All fiction reading requires a certain amount of suspension of disbelief. As a genre, Fantasy requires the most, because we must believe in a whole new world, usually with magic. However, there are limits to what a given reader will accept. Fortunately for this book, Young Adult readers are pretty forgiving. Most of them are at a romantic stage of their lives where they don’t know enough about the world to know how unrealistic any given story line might be. So a story including Poseidon, Hades, witches, wizards, Special Ops soldiers, magic wands and wormholes probably won’t faze them.
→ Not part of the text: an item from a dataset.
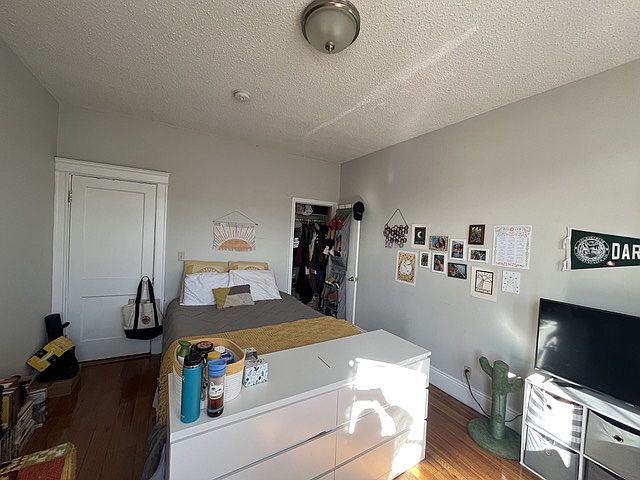 1st image of 1188 Commonwealth Ave #7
“Edge of Death,” as the title hints, is about as unrealistic as they come. The main character is a cousin of Zeus and a granddaughter of a Titan from Greek mythology. As such, she has just about any magic power you could think up: invisibility, firegrams (magic texting) healing, a death ray. She is also a trained assassin, six feet tall and muscular to match. However, this doesn’t stop her from standing in for a fashion model when it suits the plot. Actually, the fashion gig doesn’t have that much to do with the plot, but it does give readers a chance to dream. Through the story, the main character gets to parade around in all sorts of uniforms, cool casual clothes, and sexy dresses.
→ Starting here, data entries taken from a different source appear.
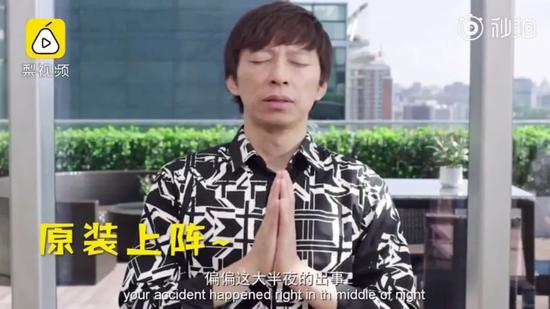 1534400788332073259.jpg 5.jpg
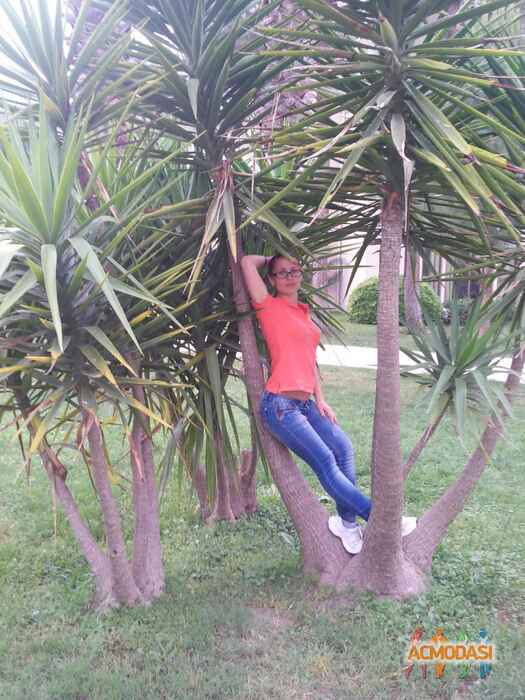 Елена  Л фото №951442. Загружено 08 Ноября 2015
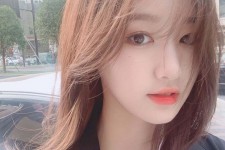 无锡成都伴游兼职联系方式的简单介绍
Perhaps the most endearing element of the story is this twenty-something trained assassin diving into the modern social whirl with the naïve enthusiasm of a sixteen-year-old. After all, it’s the first time she has seen dance clubs, cell phones, and the rest.
Because this book will appeal to the readership for which it was designed, I would have rated it at four stars. Unfortunately the lack of editing, including point-of-view jumps and awkward sentence structure, prevents me.
Recommended for teenage girls who want to dream and don’t care about reality of any sort.